February 11, 2007

NYT:

Returning to the White House after the Memorial Day weekend in 1975, the young aide Dick Cheney found himself handling a First Amendment showdown. The New York Times had published an article by Seymour M. Hersh about an espionage program, and the White House chief of staff, Donald H. Rumsfeld, was demanding action.

Out came the yellow legal pad, and in his distinctively neat, deliberate hand, Mr. Cheney laid out the “problem,” “goals” while addressing it, and “options.” These last included “Start FBI investigation — with or w/o public announcement. As targets include NYT, Sy Hersh, potential gov’t sources.” [...]

Among the goals Mr. Cheney methodically listed in considering a response were enforcement of the espionage laws, discouraging “the NYT and other publications from similar action,” locating and prosecuting the people who leaked to The Times and demonstrating “the dangers to nat’l security which develop when investigations exceed the bounds of propriety.”

Mr. Cheney also sensed an opportunity. Congressional investigations of the C.I.A., including one by a select committee led by Senator Frank Church, were under way in the post-Watergate era.

Under the heading “Broader ramifications,” Mr. Cheney wrote: “Can we take advantage of it to bolster our position on the Church committee investigation? To point out the need for limits on the scope of the investigation?”

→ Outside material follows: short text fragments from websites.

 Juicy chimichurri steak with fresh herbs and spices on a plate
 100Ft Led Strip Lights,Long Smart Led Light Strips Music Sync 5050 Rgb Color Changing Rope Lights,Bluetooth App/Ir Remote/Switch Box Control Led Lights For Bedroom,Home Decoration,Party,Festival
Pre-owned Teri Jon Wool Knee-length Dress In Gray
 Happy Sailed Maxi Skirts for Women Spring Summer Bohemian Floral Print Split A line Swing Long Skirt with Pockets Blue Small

More immediately, Mr. Cheney considered possible responses to the article. One was to “seek immediate indictments of NYT and Hersh.” A second was to get a search warrant “to go after Hersh papers in his apt.”

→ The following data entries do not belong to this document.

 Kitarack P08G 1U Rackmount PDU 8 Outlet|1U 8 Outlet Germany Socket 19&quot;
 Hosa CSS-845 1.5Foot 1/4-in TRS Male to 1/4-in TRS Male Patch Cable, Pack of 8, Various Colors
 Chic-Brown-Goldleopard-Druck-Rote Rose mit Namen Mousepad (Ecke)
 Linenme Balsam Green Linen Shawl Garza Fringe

In the end, Adam Liptak reports, the Ford administration decided to do nothing. Staggering that we've been here before with the same cast of characters.

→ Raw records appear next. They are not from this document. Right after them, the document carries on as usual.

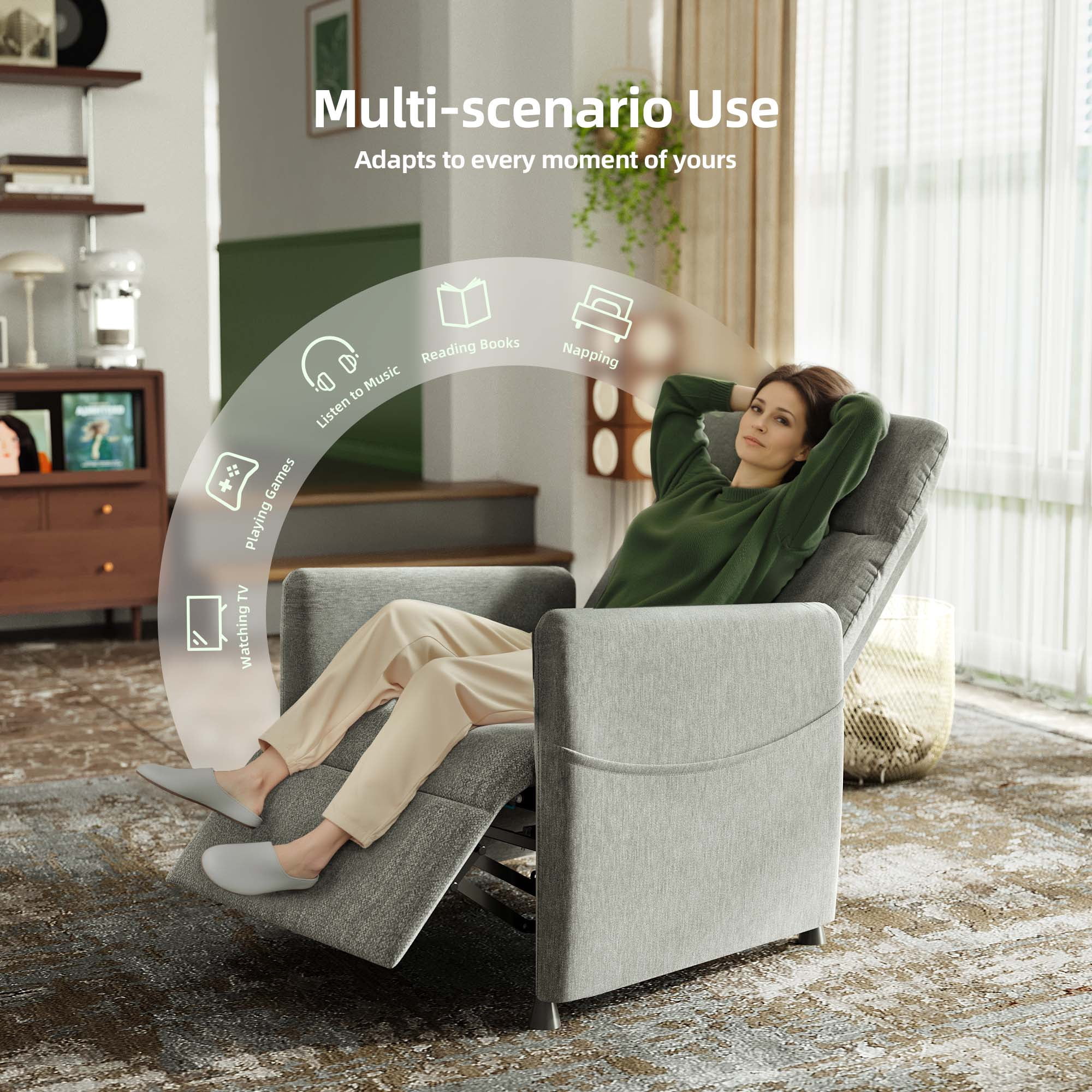 Miniyam Power Recliner Chair for Adults - Modern Fabric Electric Recliner Footrest, Padded Seat - Space-Saving Design for Living Room, Home Theater - Light Grey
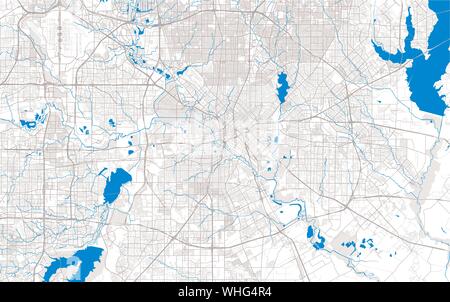 Ricco di vettore dettagliata mappa della zona di Dallas, Texas, Stati Uniti. Mappa modello per arredamento di casa. Illustrazione Vettoriale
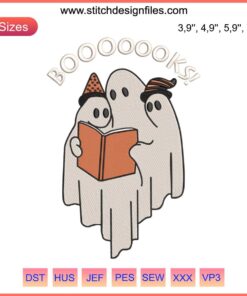 Cute ghost reading books embroidery design, spooky Halloween library theme, Booooks machine design, perfect for book lovers.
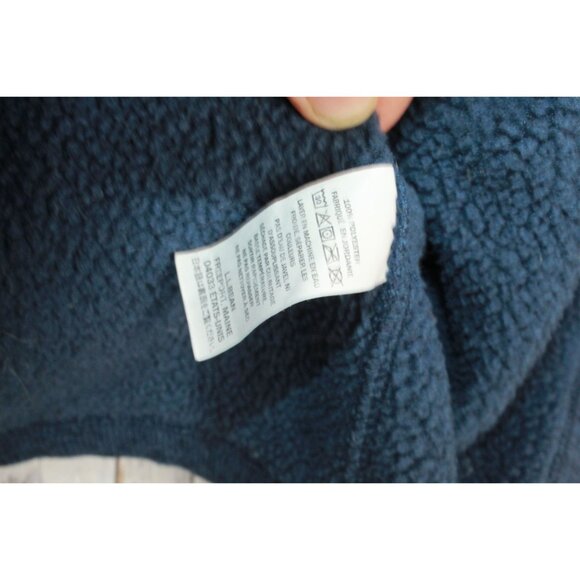LL Bean Sweater Fleece Coat Blue Size Large Pet - Picture 5 of 10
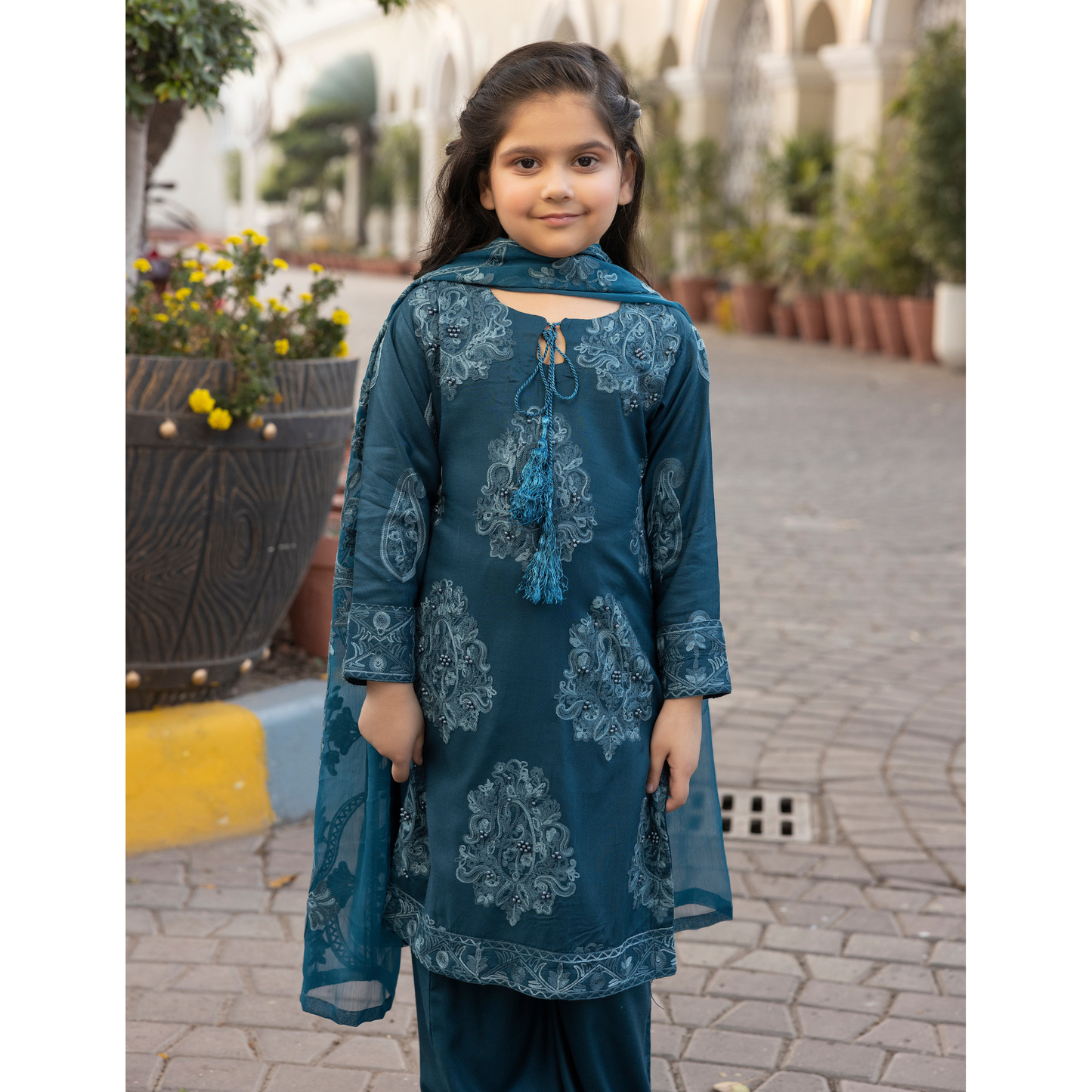 UMS-15 3 Pc Mother & Daughter Luxury Linen Eid Collection by Simrans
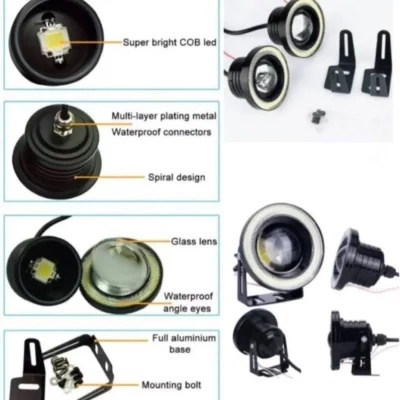Angel Eye High Power LED Fog Light Projector with White Angel Eye Ring 15W Waterproof Driving Lamp (Pack of 2)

Update: I got to introduce Hersh at an event a few months ago and asked him about the administration's threats to prosecute the press. And paraphrased his answer was something like, in an earlier time, he and his editors felt like they had something called the First Amendment, and anyone tried to give them a hard time, you would tell them to screw off. But maybe you'd say it more nicely than that, he added. If it ever got to him, it was hard to detect.